So back to this blog business... i regret not keeping it up during the study abroad but it went by so fast that i could barely jot my thoughts down before i realized i was already back. It seems so long ago that i was sitting in my room in Denmark, isolated from the world that i am apart of once again. I enjoyed the thought that i could wake up and drink some coffee, plain, black coffee, and read or possibly cook myself some breakfast. Everything moves so much faster here in the US. I guess i was apart of that life style until i got shoved into Europe. I miss it in someways... Hell, that's a lie, i miss it in A LOT of ways. The quietness of life when you're a person who doesn't understand a lick of Danish, or German, or Italian... It was great to feel alive, to be somewhere where you know if you don't do something now, that you'll never get to do it ever again. Haha, it's funny that i'm thinking about it now, i've been saving it to tell it to someone for a long time, but it's just not an experience you can really share with someone unless they've done the same. I had dinner with Donna the other day, we practically shared most of our study abroad experience together, through thick and thin i guess. It was a shocker just chillin with her, talking about how life has been after we got back. We both kinda agreed we were in some type of "funk". Nothing that would stop us from being ourselves, its just something that we felt that was missing.

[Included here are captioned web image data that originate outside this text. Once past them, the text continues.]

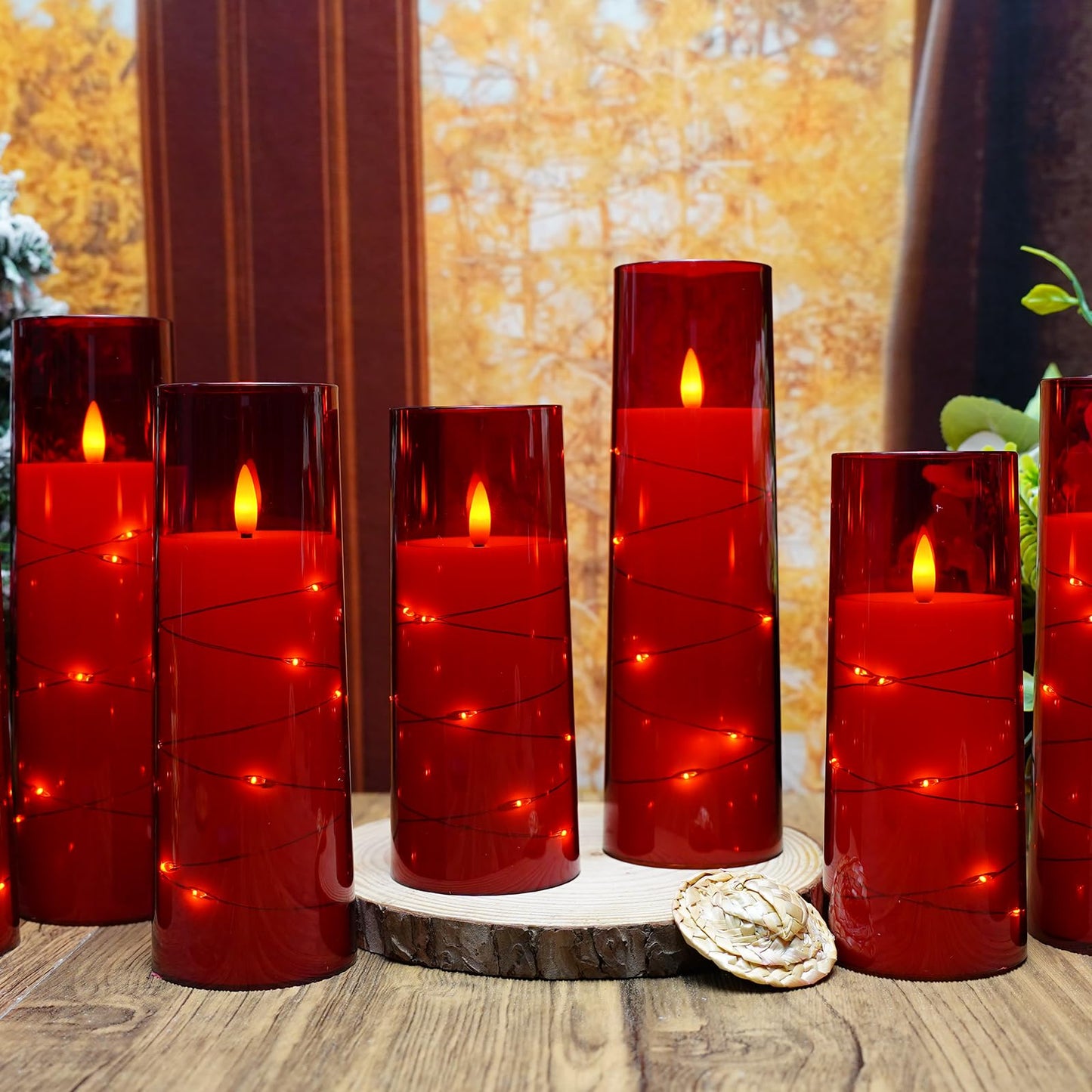 kakoya Flameless LED Candles with Timer 9 Pc Flickering Flameless Candles for Romantic Ambiance and Home Decoration Stable Acrylic Shell,with Embedded Star String，Battery Operated Candles（Red）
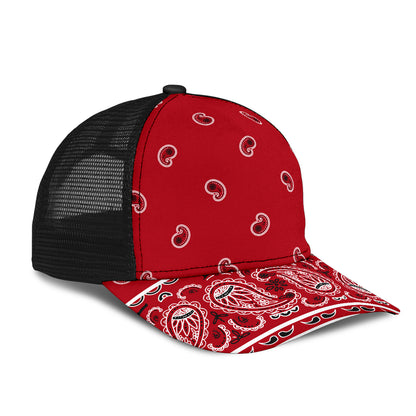 Classic Red Bandana All Over Mesh Back Cap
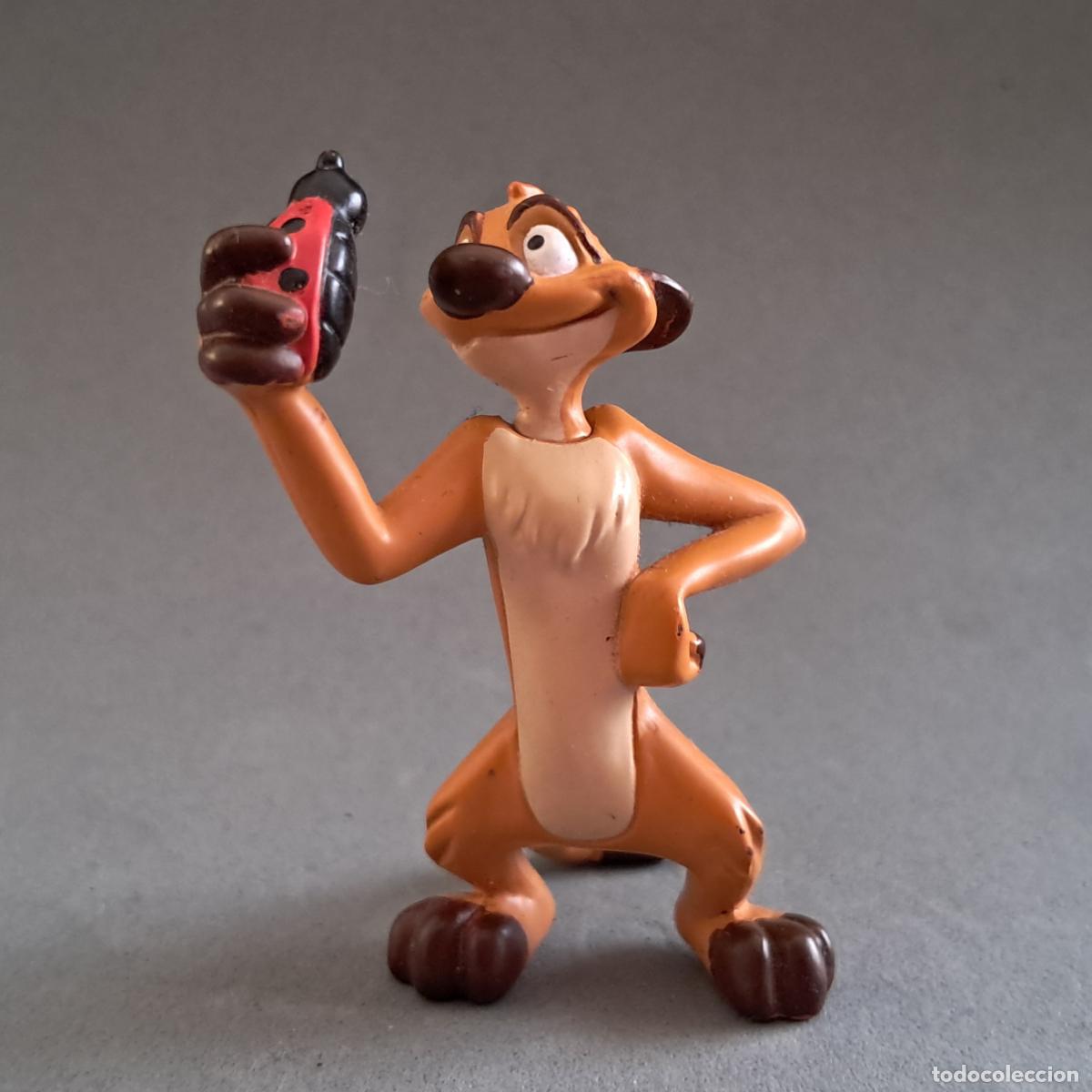 Figuras de goma y PVC: Antigua figura del suricato Tim&oacute;n, amigo inseparable de Pumba en la pel&iacute;cula de Disney El Rey Le&oacute;n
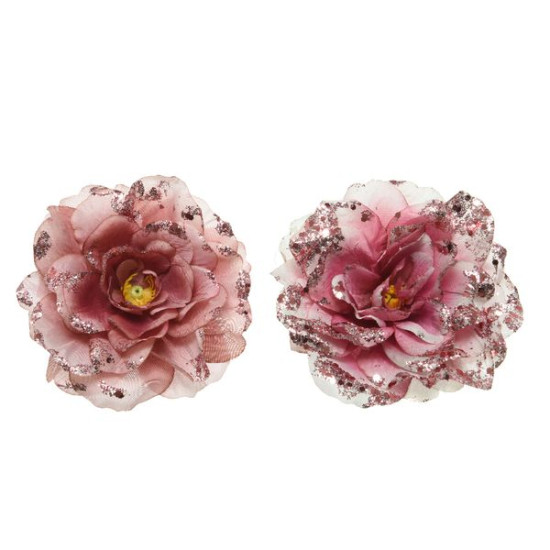 /Rose s/clip paillettes rose d14 de Kaemingk - deco de la maison dans 🎄Déco de sapin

I try to think to myself "I cant think this like, i cant go back and do it again, its an experience that you've had and you can't dwell on it, go on and live". So far, it's been alright i'd say about 90% of the time. Work, School, Social gatherings have helped eased me back into the swing of things.
I've made some new friends, or i guess a new friend, not to say i've replaced my old ones, its just, everyone else seems so busy, and these new people just seem to have the same schedule as me. I keep thinking where the hell are my best friends at, all up in northern california, doing school of course, but i've been back for like 2 months now! eh, and again that's another reason why i've been hanging out with these new friends.
I'm thinking i wanna go somewhere, nothing particularly far i guess, just somewhere, somewhere new, maybe somewhere within a 2-3 hour drive. I wanna just get away... Theres nothing wrong with monotony, cuz hey, i wanna be a accountant. But theres always gotta be that something to spice your life up just a little and since my love life is alive as michael jackson, why not just find another reason. I've had this stupid beatles song stuck in my head for the past 4-5 hours... If I Fell.... WHYYYYY MUST YOU HAUNT ME SO SONGGGGG.... I really should be getting to bed, got work at 5am... of course when you stay up til 230 am the day before i doubt my body's gonna just naturally go to sleep. Maybe i should just stay up, of course, i normally like staying up if theres someone to stay up with, i doubt thats gonna happen. "Oh hey, wanna stay up with me til 5am? I know, i know its 1040pm right now and you're prolly gonna go to sleep soon but i figure why not give it a shot?" yeah.. thats not gonna fly. I was telling a friend how i normally write these kind of blogs on a really really good day, or a really really bad day, well... today was definitely not a really really good day haha... I feel stuck, gonna need some help here.